Le Coran ne mentionne rien spécifiquement concernant la représentation du Prophète. En effet, le Coran insiste sur le fait que « rien ne ressemble à Dieu » précisément dans la Sourate (chapitre du Coran) 42, verset 11: « rien n’est semblable à Lui » (c’est-à-dire Dieu). Il n’y a pas de législation directe sur cette question dans le Coran.
Ce qui peut constituer le corpus sacré des musulmans, ce sont les Hadiths : l’ensemble des traditions rapportées qui viennent compléter le Coran. Les Hadiths sont des discours rapportés sur la vie du Prophète et servent de base à l’interprétation des textes. Ils apportent des précisions sur ses enseignements et ses actions.
Oui, il y a eu des variations. Dans la branche sunnite, il y a eu une tendance à éviter la représentation du Prophète. Cependant, dans le chiisme, la situation est différente. Les chiites n’interdisent pas la représentation des imams, et on trouve même des représentations d’Ali, mais pas du Prophète. Les chiites sont généralement plus ouverts à l’interprétation du texte coranique, ce qui a permis des représentations du Prophète dans des miniatures et des manuscrits, bien que ces pratiques restent rares. Je peux vous citer le manuscrit du Jami al-tawarikh de Rashid al din au 14e siècle ou « compendium des Chroniques où on représente parfois le prophète tête nue ». Il est conservé à la bibliothèque de l’Université d’Édimbourg.
Depuis l’attentat de Charlie Hebdo, il y a eu une modification dans les mentalités et les pratiques. Cela a entraîné des conséquences concrètes, notamment en France avec la création de postes sur des chaires liées à l’Islam, à la demande du président Macron. En 2022, l’Institut Français de l’Islamologie (IFI) a été créé pour combler le retard académique et promouvoir la recherche sur ces thématiques. Ce phénomène a aussi conduit à des publications, comme celle de John Tolan, Mahomet l’européen, qui est née après à l’attentat.
La disparition des caricatures dit quelque chose sur notre époque. Je ressens cela comme une très mauvaise chose en soi, plutôt comme une forme de censure, qui pourrait aussi être de l’auto-censure. Charlie Hebdo a le droit d’exister, quelle que soit l’intensité de la satire. En Italie, par exemple, le blasphème tombe sous le coup de la loi. Il existe une série de termes offensants envers Dieu, et prononcer une telle offense dans l’espace public constitue un délit. Cela menace la liberté d’expression.

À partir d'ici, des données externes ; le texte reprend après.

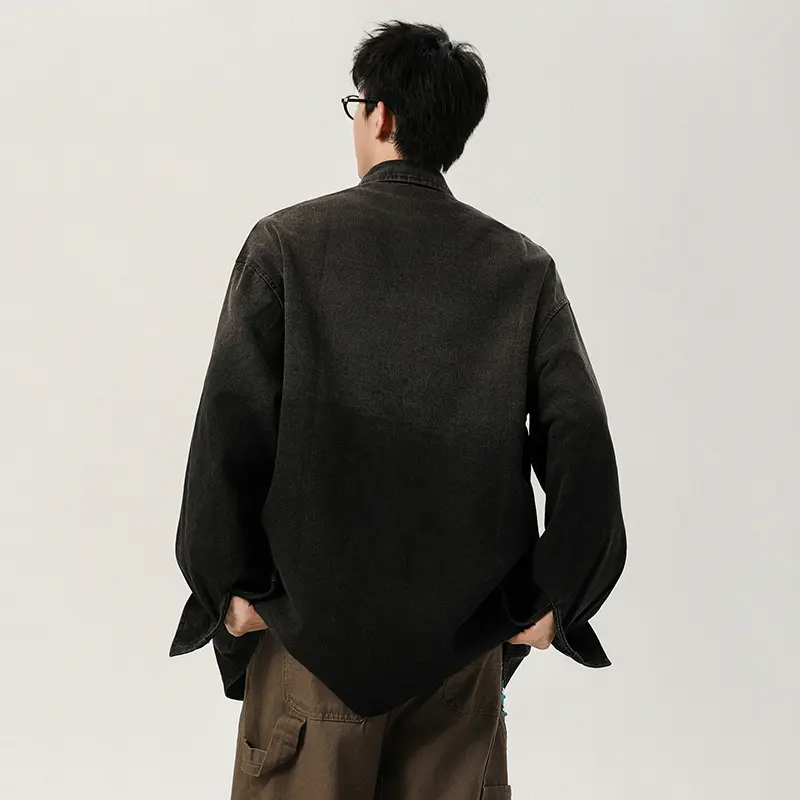 IEFB New Autumn Men's Shirts Lapel Pocket Design Gradient Color Long Sleeved Male Tops Single Breasted Loose Menswear 9W4111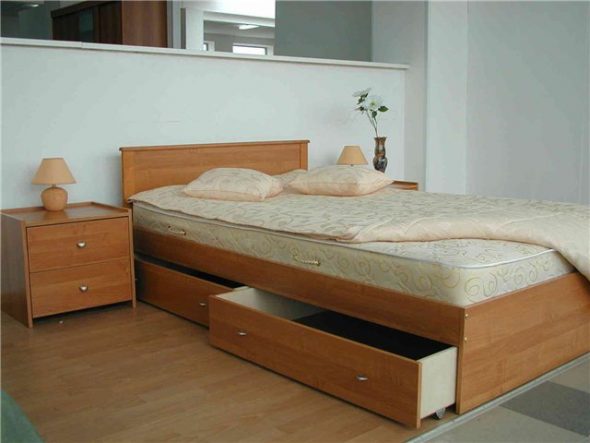 Comfortable bed with drawers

Oui, cela dépend des cultures. Si une fillette dessine le Prophète dans son journal intime à Mashhad ou si un garçon caricature le Prophète dans un calepin dans le métro à Paris, ce sont deux actes tout à fait différents. Dans certaines sociétés où la représentation du Prophète est permise, comme dans certains pays musulmans chiites, il est possible de faire des caricatures ou des représentations. En Iran, par exemple, un pays musulman chiite, la représentation du Prophète est totalement admise. Cette question est aussi un point de clivage majeur entre sunnites et chiites. Nous sommes sur un post-Charlie, comme nous l’avons été après le 11 septembre. L’attentat de Charlie Hebdo a modifié les mentalités.
L’Université, à travers sa troisième mission, celle de « service à la société » n’a pas attendu l’attentat de Charlie Hebdo pour se poser des questions sur ces sujets. L’attentat a révélé la nécessité de répondre à des interrogations sur la place du religieux dans la société. L’Université a un rôle clé dans la formation des citoyens informés, car pour être bien informé, il faut être formé. C’est une des missions de l’Université : être un lieu de dialogue, d’ouverture à l’autre, et non de repli. Elle remplit pleinement sa mission en apportant des réponses à ces enjeux complexes.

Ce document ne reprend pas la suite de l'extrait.